* [ASSIGNMENT]: There should be no pictures in your answer, only an exact copy of the lines from the one with "Teníia 17 años, atajó" through the end of the material.

* [COLLECTED MATERIAL]:
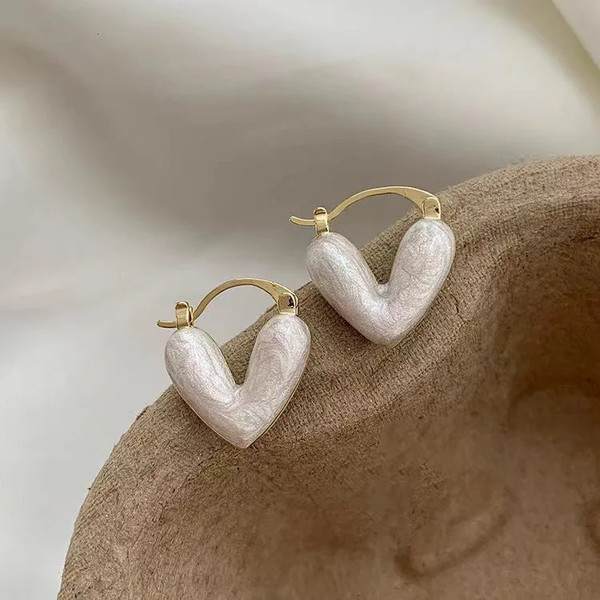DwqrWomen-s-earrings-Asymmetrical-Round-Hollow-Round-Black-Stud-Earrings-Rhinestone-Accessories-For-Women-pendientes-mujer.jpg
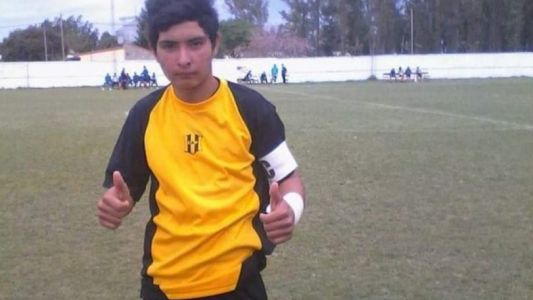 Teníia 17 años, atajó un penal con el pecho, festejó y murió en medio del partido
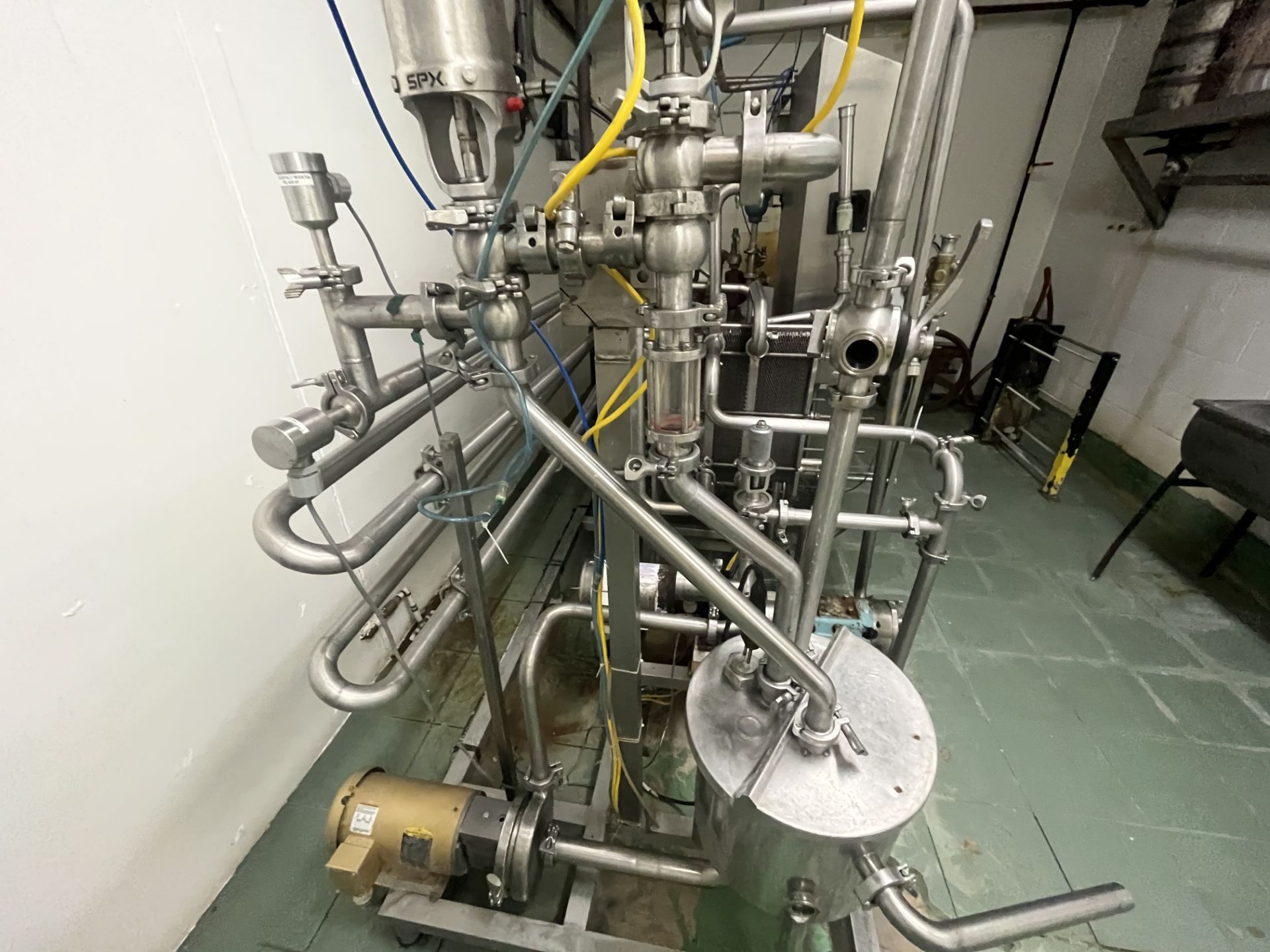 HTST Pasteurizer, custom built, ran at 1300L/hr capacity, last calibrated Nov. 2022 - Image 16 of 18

* [RESPONSE TO THE TASK]:
 Teníia 17 años, atajó un penal con el pecho, festejó y murió en medio del partido
 HTST Pasteurizer, custom built, ran at 1300L/hr capacity, last calibrated Nov. 2022 - Image 16 of 18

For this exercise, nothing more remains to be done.